Words with higher surprisal elicited more negative EEG response in the 300–600 ms time window especially in central–parietal areas. No other time window was significantly sensitive to surprisal (see plots in electronic supplementary material). As a result, we focused on the 300–600 ms time window in our subsequent analyses in both studies (analysis of experiment 2 yielded approximately the same window; see electronic supplementary material).

(b) . Are multimodal cues central to language processing?

To assess this question, we first focus on the main effects of the multimodal cues and their interaction with surprisal as predictors of N400 amplitude. Only replicable results are reported here and below (see full results in electronic supplementary material).

We found a main effect of pitch prosody (mean F0, figure 2; experiment 1: β = 0.011, p < 0.001; experiment 2: β = 0.014, p < 0.001). Here and below, because all variables were standardised, a unit change in the IV corresponds to a unit change in β, thus representing effect sizes, although the values may not be directly comparable with Cohen's D. Words with higher pitch prosody showed less negative EEG, or smaller N400 amplitude. The interaction between surprisal and pitch prosody (experiment 1: β = 0.022, p < 0.001; experiment 2: β = 0.012, p < 0.001, accounting for 12% N400 change) indicates that pitch prosody modulates the N400 response associated with surprisal: high surprisal words showed a larger reduction of N400 amplitude when the pitch prosody was higher, in comparison to low surprisal words.

Figure 2.

Figure 2.

Prosodic accentuation (mean F0) modulation of N400 amplitude. (a) Main effect of prosodic accentuation. (b) Interaction between prosodic accentuation and surprisal. Plots depict the predicted value of the mean amplitude of the ERP within 300–600 ms (grey areas = confidence intervals). All following conventions are the same. (Online version in colour.)

Meaningful gestures showed similar effects (figure 3). Words accompanied by a meaningful gesture showed a significantly less negative N400 (experiment 1: β = 0.006, p < 0.001; experiment 2: β = 0.007, p < 0.001) and high surprisal words elicited a larger reduction of N400 amplitude when meaningful gestures were present, in comparison to low surprisal words (experiment 1: β = 0.007, p < 0.001; experiment 2: β = 0.011, p < 0.001).

Figure 3.

Figure 3.

Meaningful gesture modulation of N400 amplitude. (a) Main effect of meaningful gestures. (b) Interaction between meaningful gestures and surprisal. (Online version in colour.)

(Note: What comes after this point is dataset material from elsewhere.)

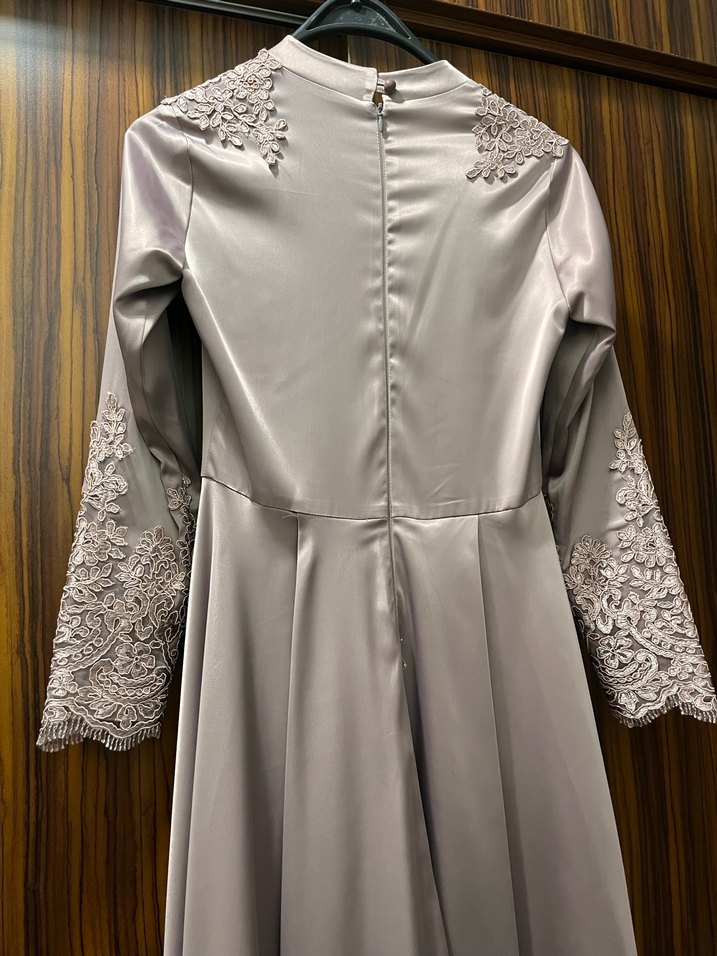 Vizyon renkte, Uzun Kollu Nakışlı, Abiye Elbise Özel dikim - Görsel 5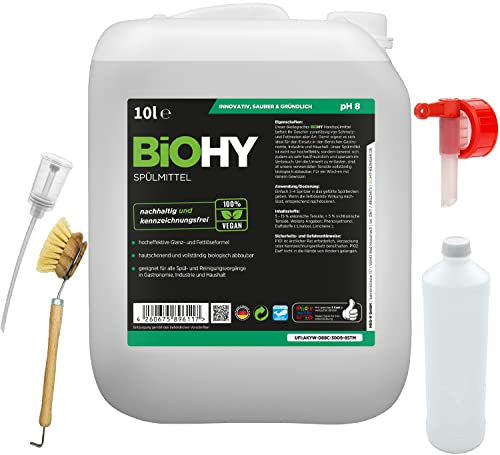 BiOHY BiOHY Spülmittel-Set 10 Liter Kanister + Zubehör | | Spülmittel | Auslaufhahn | Dosierer | Mischbehälter | Spülbürste | Ökologisches Reinigungsmittel für nachhaltiges Reinigen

By contrast, we found a significant negative main effect of beat gestures (figure 4; experiment 1: β = −0.004, p = 0.001, accounting for 5% N400 change; experiment 2: β = −0.006, p = 0.001, accounting for 6% N400 change): words accompanied by beat gestures elicited a more negative N400. Moreover, high surprisal words accompanied by beat gestures showed even more negative N400 compared with low surprisal words (experiment 1: β = −0.009, p < 0.001, accounting for 12% N400 change; experiment 2: β = − 0.010, p < 0.001, accounting for 10% N400 change).

Figure 4.

Figure 4.

Beat gesture modulation of N400 amplitude. Main effect of beat gestures. (b) Interaction between beat gestures and surprisal. (Online version in colour.)

(c) . What are the dynamics of multimodal cue processing?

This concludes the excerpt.